**EXERCISE GOAL:** In the entries below, find the line with "Allow your beagle" and the line with "If you have". Repeat exactly everything between them, those two lines included, but not the pictures.

**LISTED ENTRIES:**
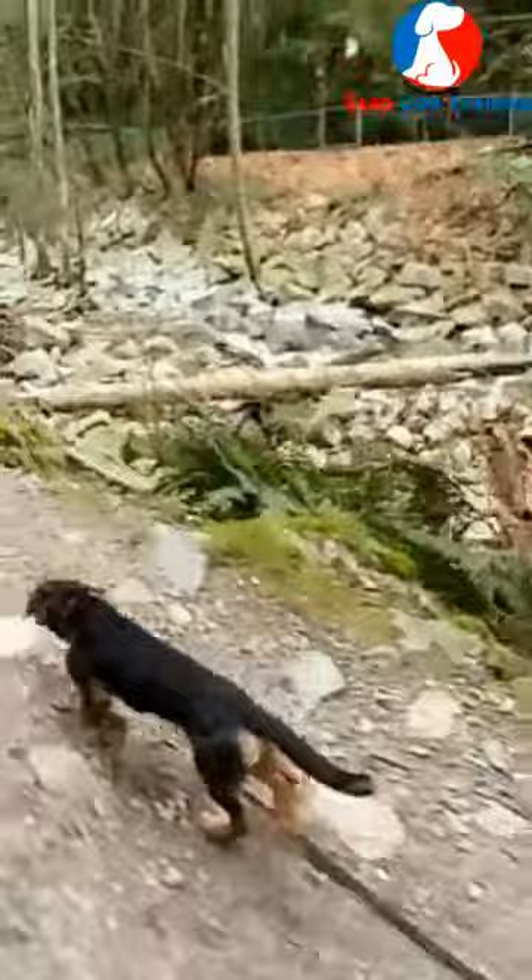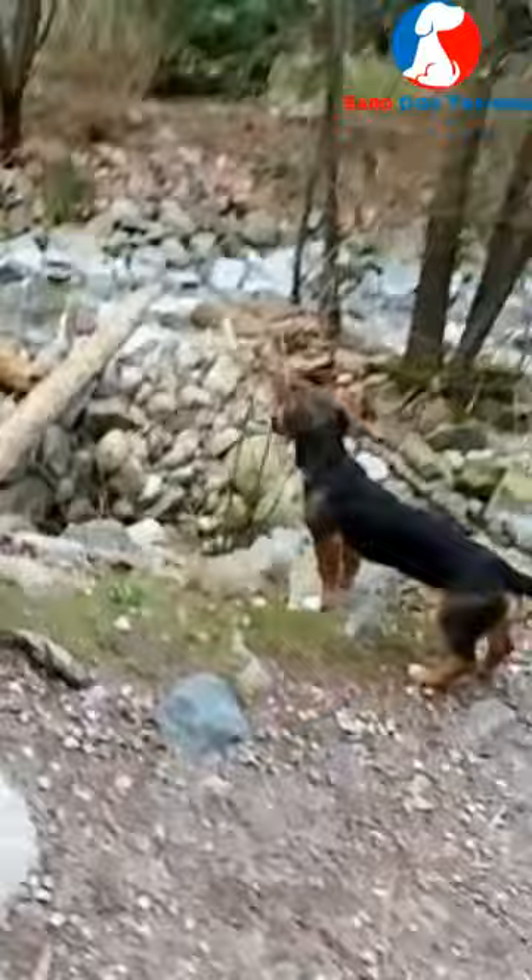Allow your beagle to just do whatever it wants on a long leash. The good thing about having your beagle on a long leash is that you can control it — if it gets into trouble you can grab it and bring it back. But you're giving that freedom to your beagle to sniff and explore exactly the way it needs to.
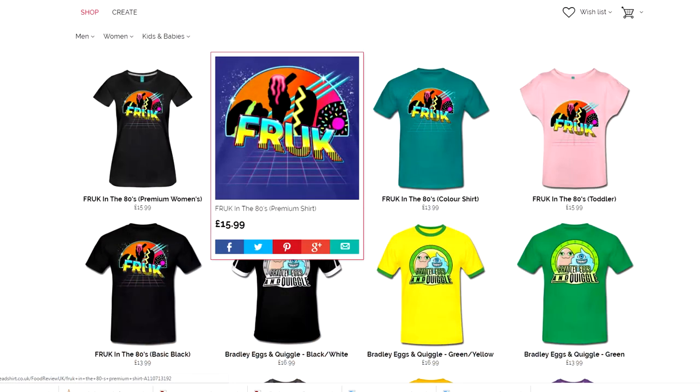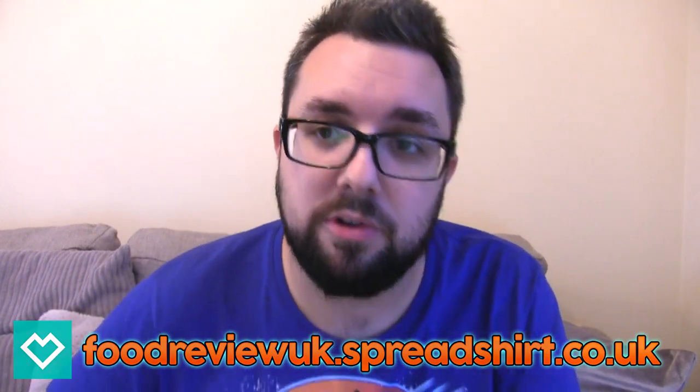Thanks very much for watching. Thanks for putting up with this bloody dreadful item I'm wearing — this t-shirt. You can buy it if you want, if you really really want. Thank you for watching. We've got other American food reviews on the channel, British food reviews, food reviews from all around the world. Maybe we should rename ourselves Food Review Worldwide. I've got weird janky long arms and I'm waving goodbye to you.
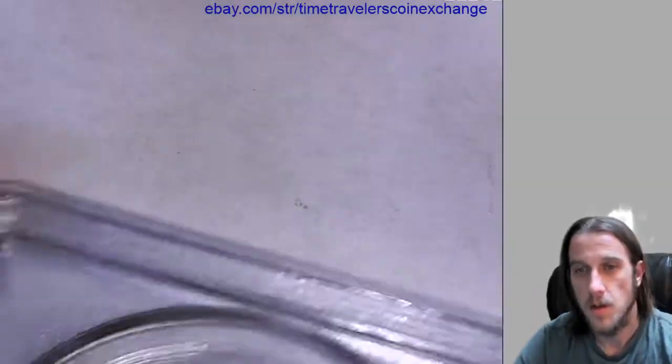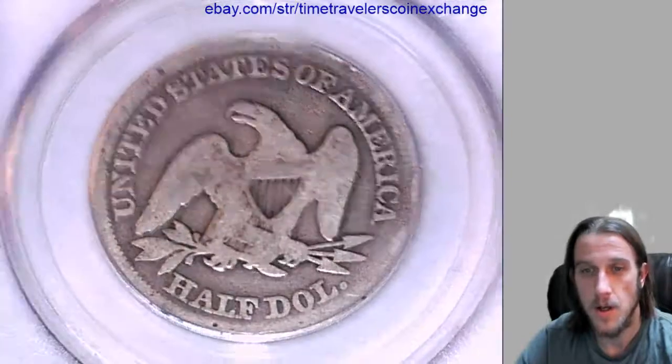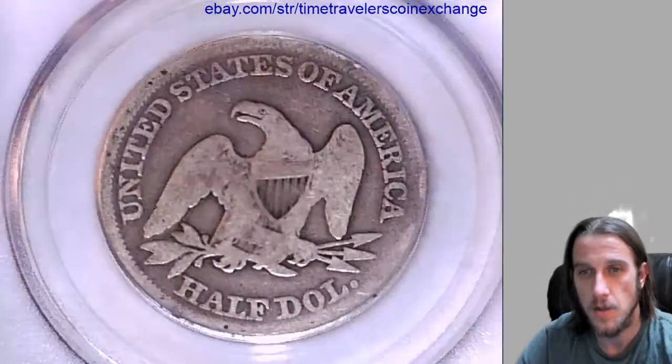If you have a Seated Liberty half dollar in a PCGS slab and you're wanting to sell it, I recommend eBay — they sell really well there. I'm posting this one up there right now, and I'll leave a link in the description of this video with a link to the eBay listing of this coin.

...

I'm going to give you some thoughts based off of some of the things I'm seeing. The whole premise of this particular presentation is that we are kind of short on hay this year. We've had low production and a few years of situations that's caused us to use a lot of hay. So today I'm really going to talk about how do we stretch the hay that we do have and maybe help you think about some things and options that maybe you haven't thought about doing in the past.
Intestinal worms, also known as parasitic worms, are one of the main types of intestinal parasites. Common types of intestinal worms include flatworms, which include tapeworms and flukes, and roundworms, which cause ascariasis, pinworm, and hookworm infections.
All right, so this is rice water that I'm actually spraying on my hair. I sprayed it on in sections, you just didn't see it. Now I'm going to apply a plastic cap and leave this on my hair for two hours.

==

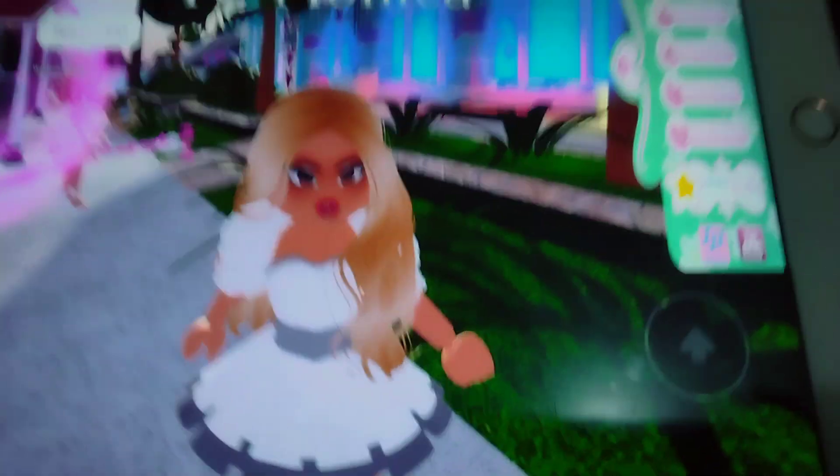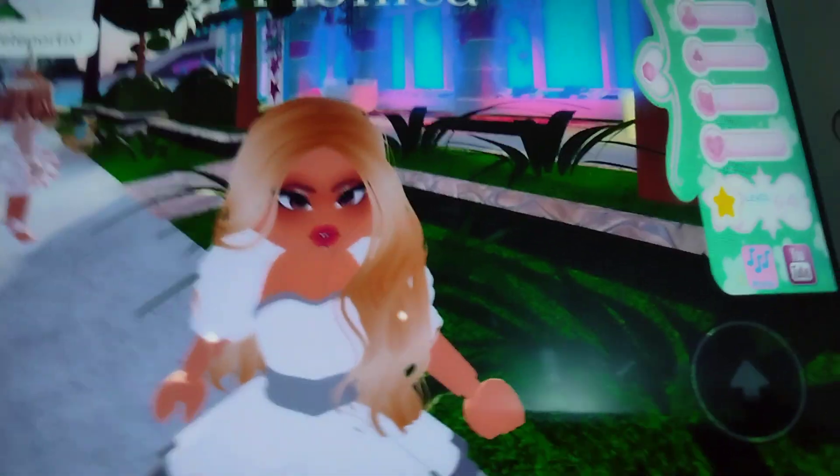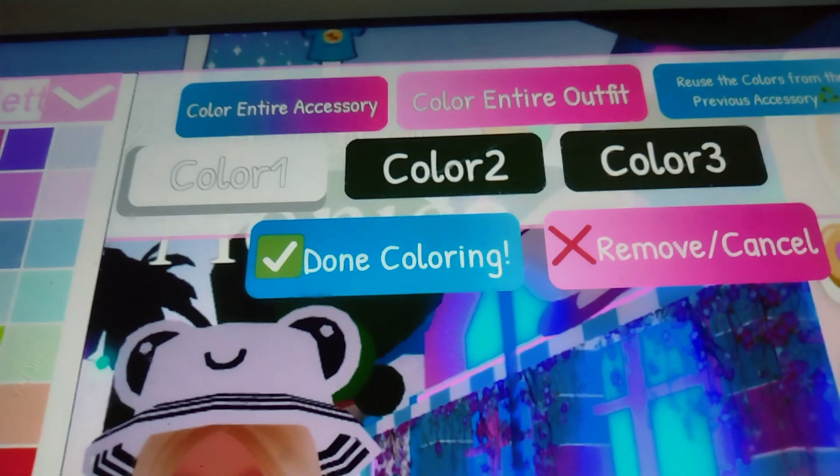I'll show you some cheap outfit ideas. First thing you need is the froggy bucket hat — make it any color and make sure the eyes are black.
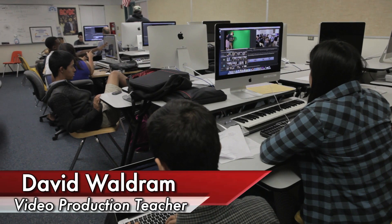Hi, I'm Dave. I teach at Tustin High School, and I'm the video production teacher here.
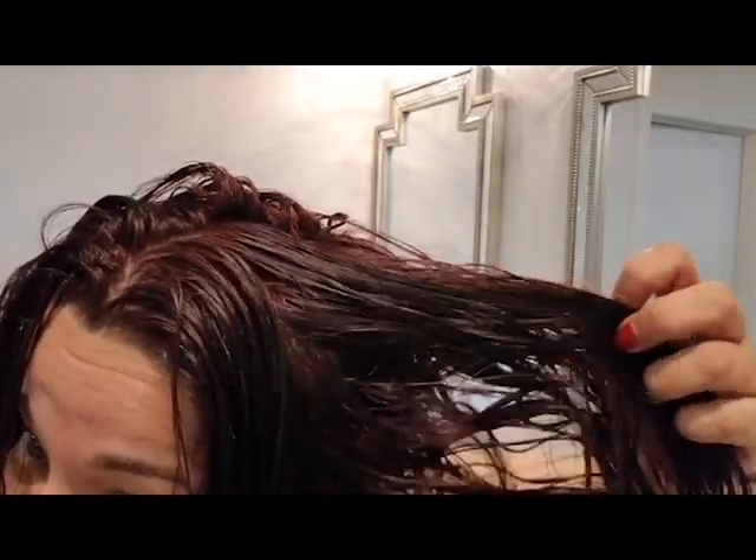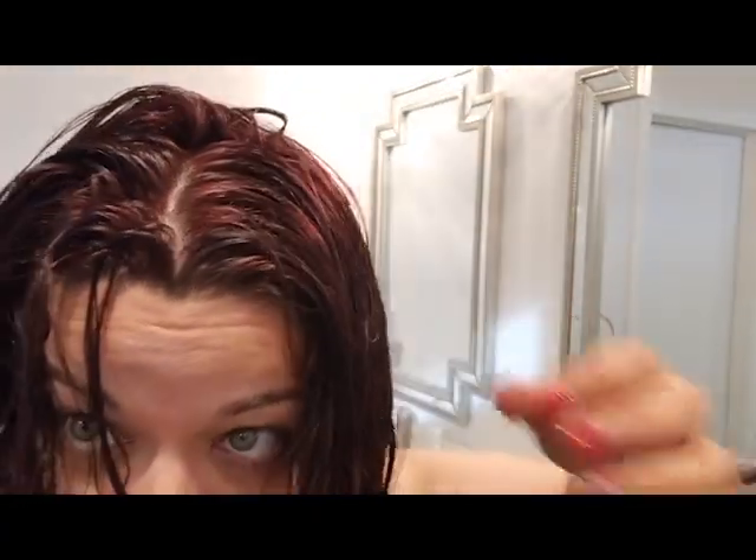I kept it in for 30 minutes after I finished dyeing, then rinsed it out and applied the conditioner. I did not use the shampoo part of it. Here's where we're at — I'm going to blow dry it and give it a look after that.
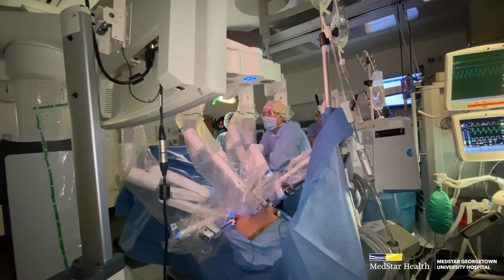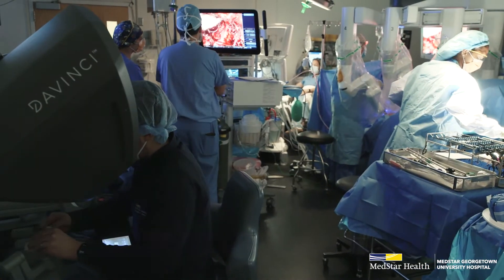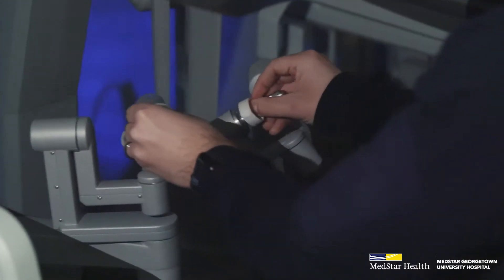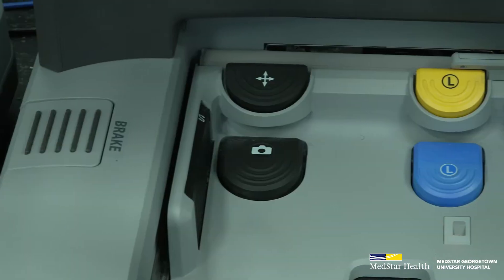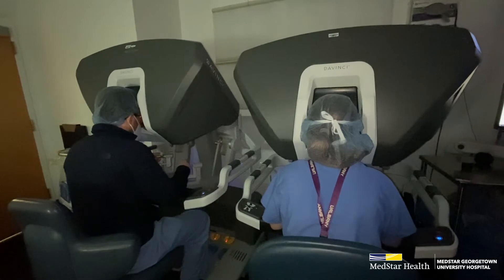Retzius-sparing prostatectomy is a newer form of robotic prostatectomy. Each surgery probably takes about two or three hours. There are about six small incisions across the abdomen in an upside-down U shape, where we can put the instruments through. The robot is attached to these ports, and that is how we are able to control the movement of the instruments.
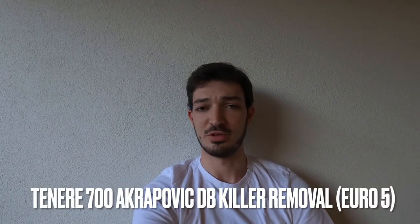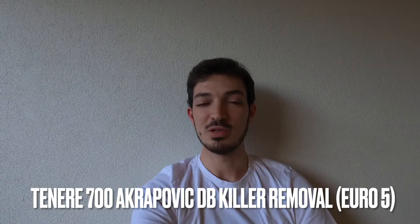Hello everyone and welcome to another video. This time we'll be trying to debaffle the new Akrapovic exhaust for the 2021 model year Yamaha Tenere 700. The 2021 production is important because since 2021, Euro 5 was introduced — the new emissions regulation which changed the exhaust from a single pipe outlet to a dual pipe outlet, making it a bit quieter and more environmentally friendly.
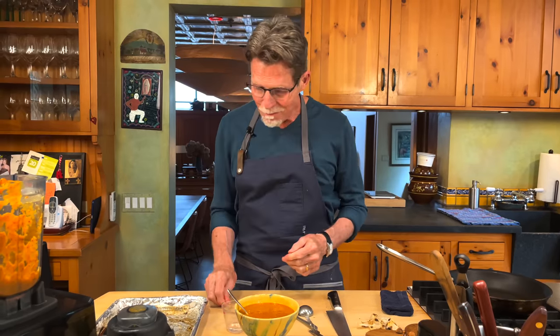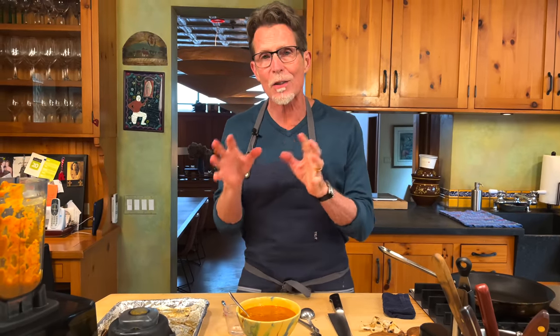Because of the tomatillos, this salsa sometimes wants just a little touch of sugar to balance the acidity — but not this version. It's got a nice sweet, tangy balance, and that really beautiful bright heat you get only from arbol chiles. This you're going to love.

**SOLUTION:**
Allow your beagle to just do whatever it wants on a long leash. The good thing about having your beagle on a long leash is that you can control it — if it gets into trouble you can grab it and bring it back. But you're giving that freedom to your beagle to sniff and explore exactly the way it needs to.
Thanks very much for watching. Thanks for putting up with this bloody dreadful item I'm wearing — this t-shirt. You can buy it if you want, if you really really want. Thank you for watching. We've got other American food reviews on the channel, British food reviews, food reviews from all around the world. Maybe we should rename ourselves Food Review Worldwide. I've got weird janky long arms and I'm waving goodbye to you.
If you have a Seated Liberty half dollar in a PCGS slab and you're wanting to sell it, I recommend eBay — they sell really well there. I'm posting this one up there right now, and I'll leave a link in the description of this video with a link to the eBay listing of this coin.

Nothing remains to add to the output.